TASK DESCRIPTION: Transcribe only the lines in the data below falling between the line with "啾***、蛇纹石玉未镶嵌发饰" and the line with "House in Mangaratiba", including those two lines, and leave out any picture.

DATA FOR REVIEW:
########

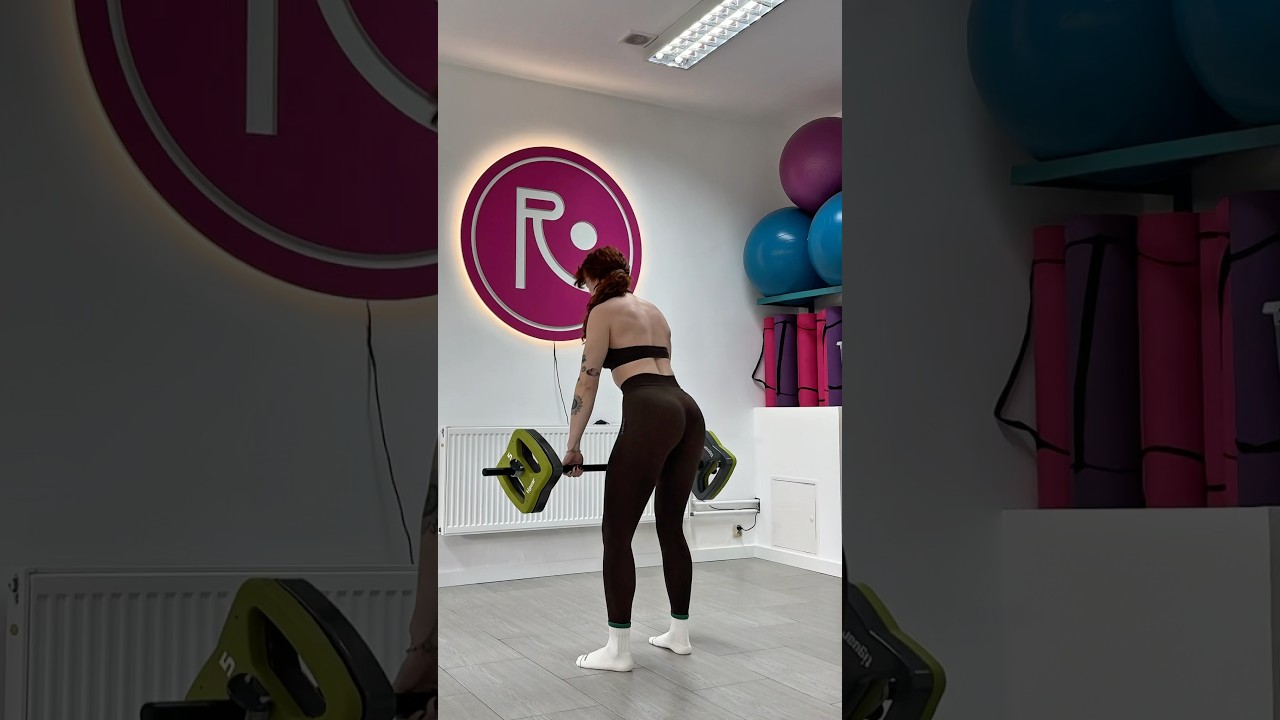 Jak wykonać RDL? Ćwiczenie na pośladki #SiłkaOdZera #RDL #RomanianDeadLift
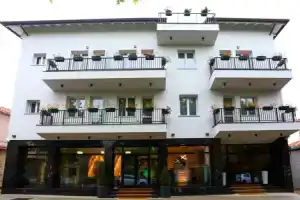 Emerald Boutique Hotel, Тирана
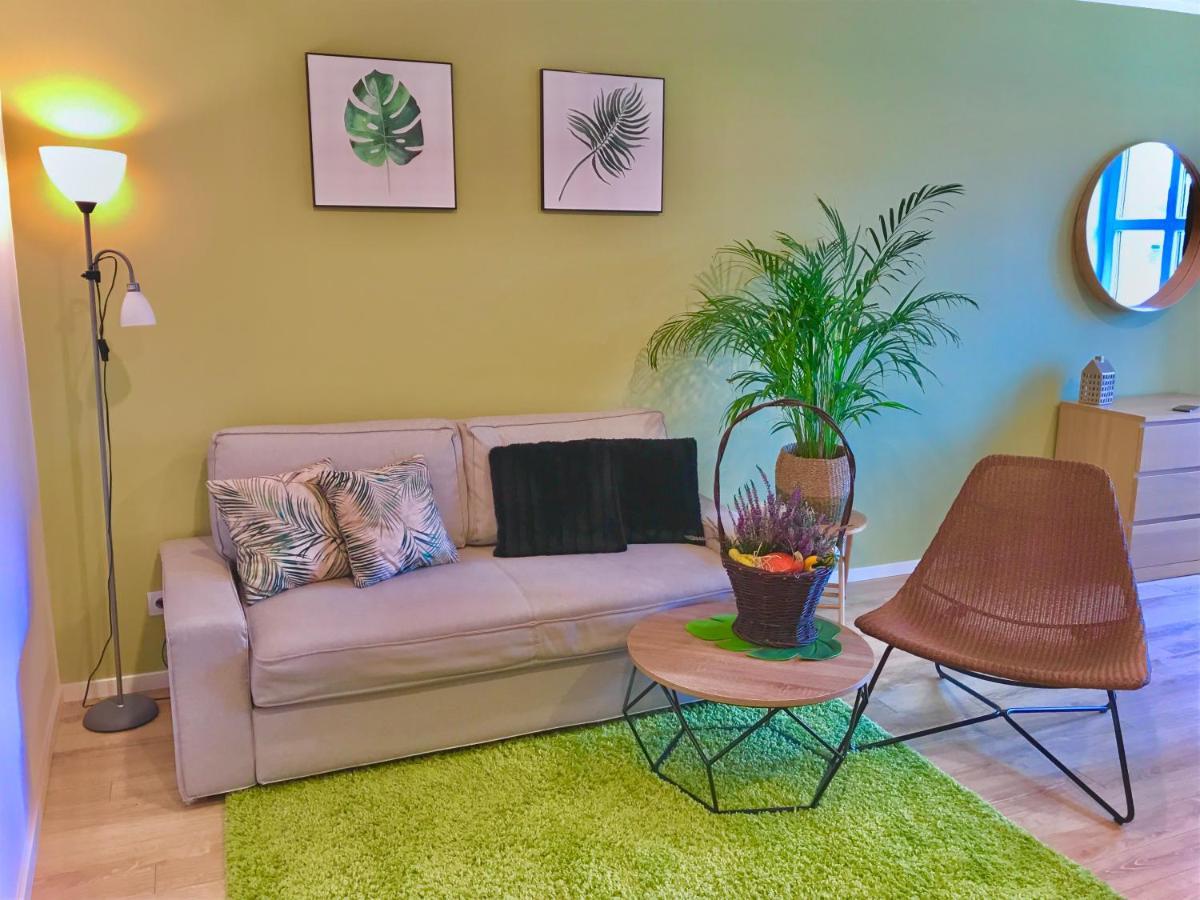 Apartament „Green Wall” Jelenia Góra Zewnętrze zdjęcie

########

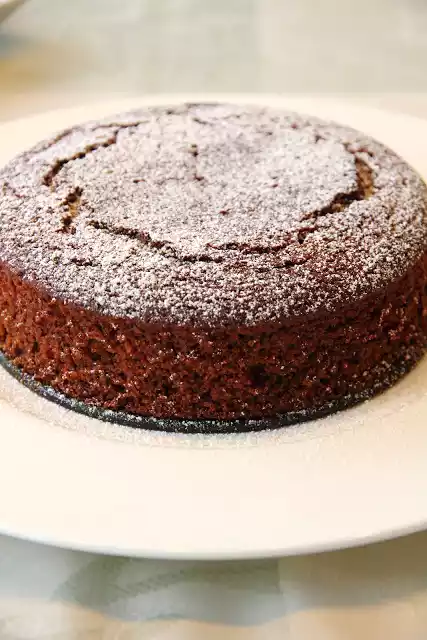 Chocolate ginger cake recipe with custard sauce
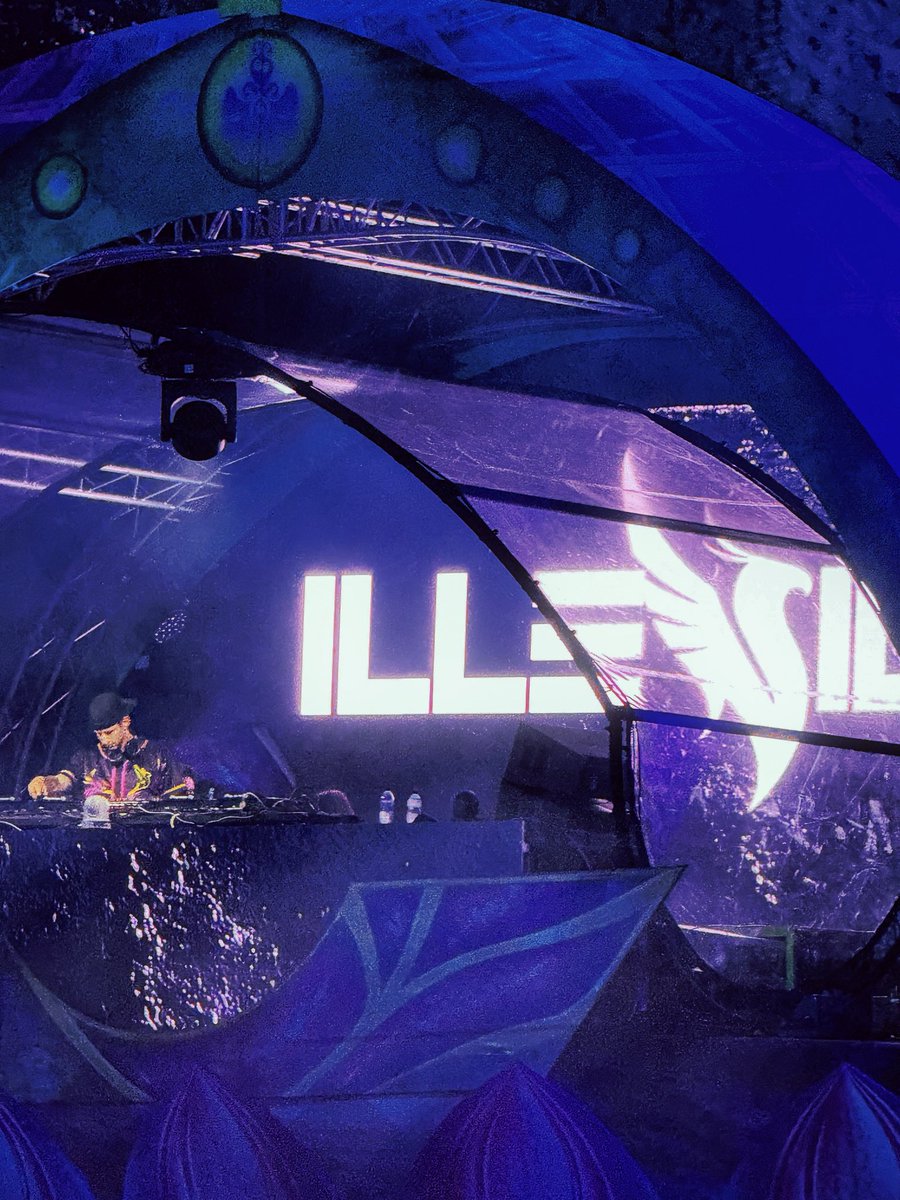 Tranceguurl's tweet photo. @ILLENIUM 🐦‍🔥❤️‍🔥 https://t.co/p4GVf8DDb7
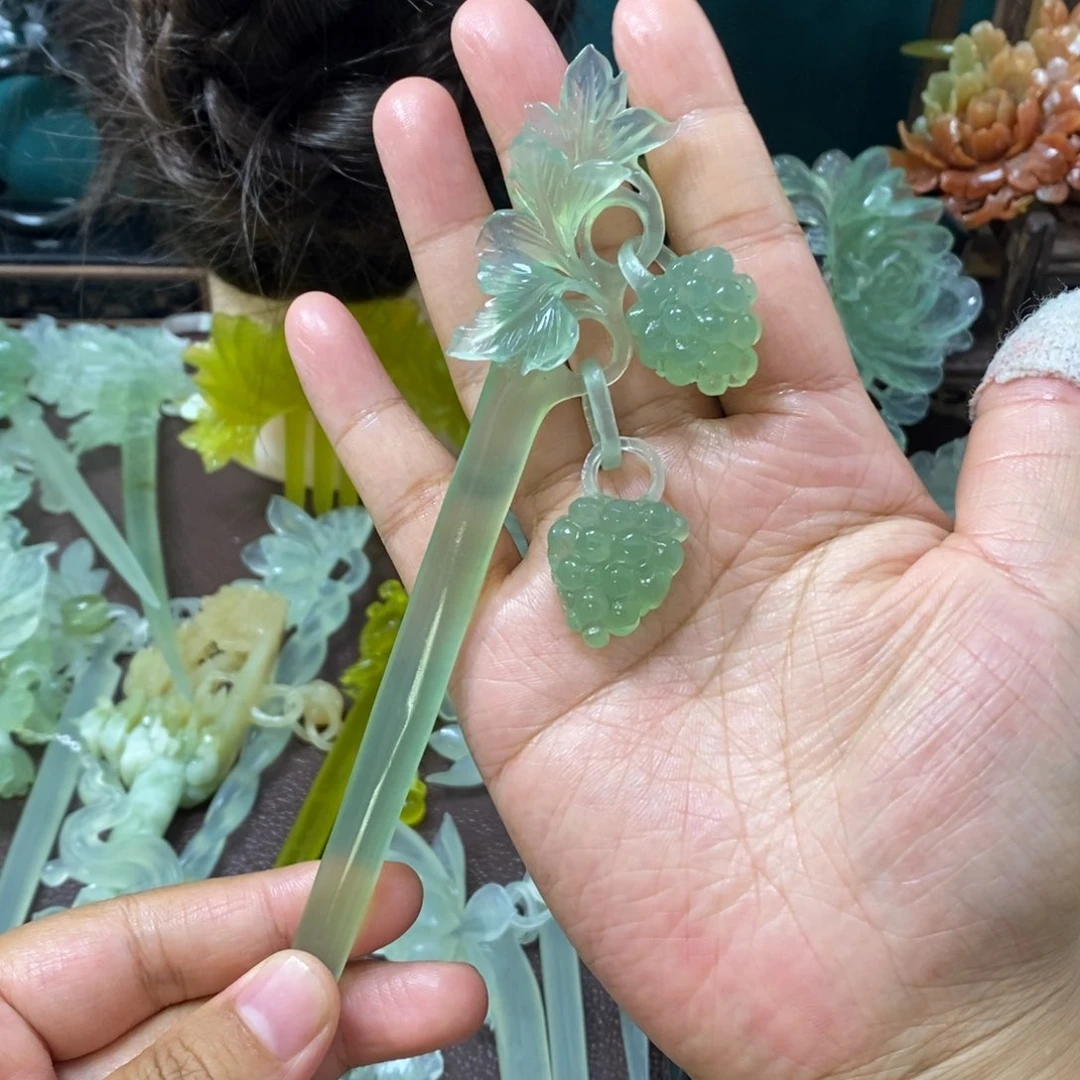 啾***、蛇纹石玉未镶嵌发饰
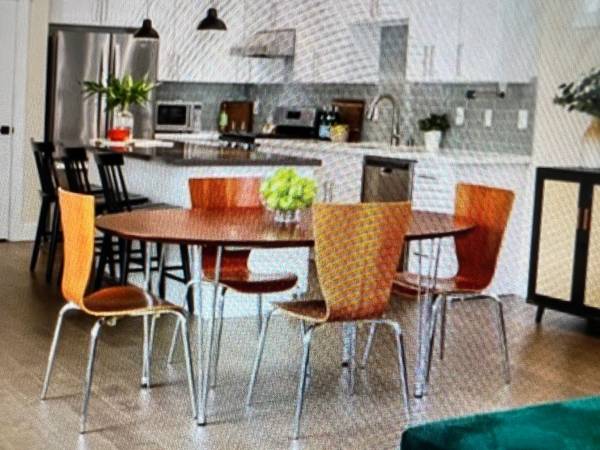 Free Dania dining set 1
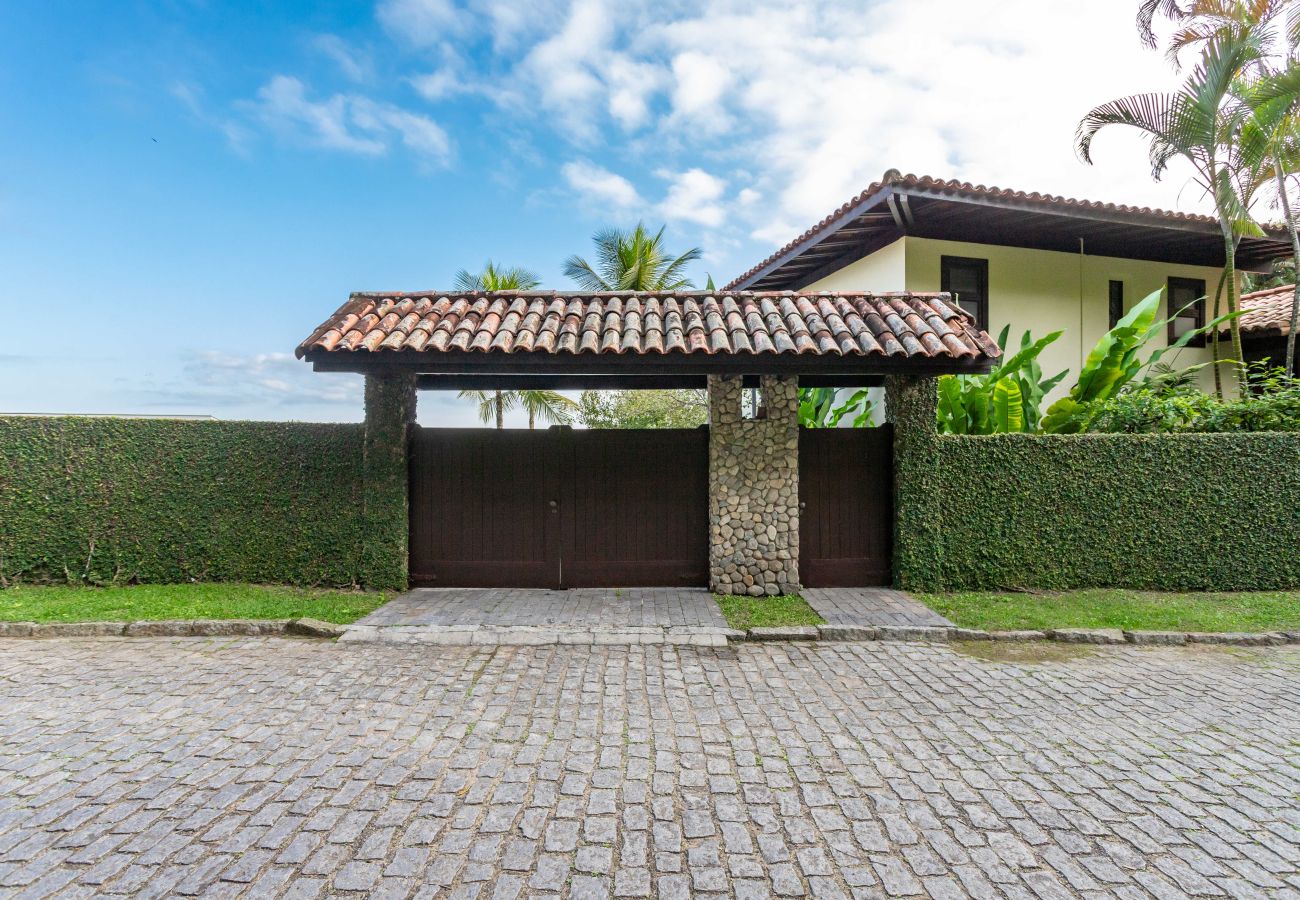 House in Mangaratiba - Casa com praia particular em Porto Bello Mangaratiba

########

SOLUTION:
 啾***、蛇纹石玉未镶嵌发饰
 Free Dania dining set 1
 House in Mangaratiba - Casa com praia particular em Porto Bello Mangaratiba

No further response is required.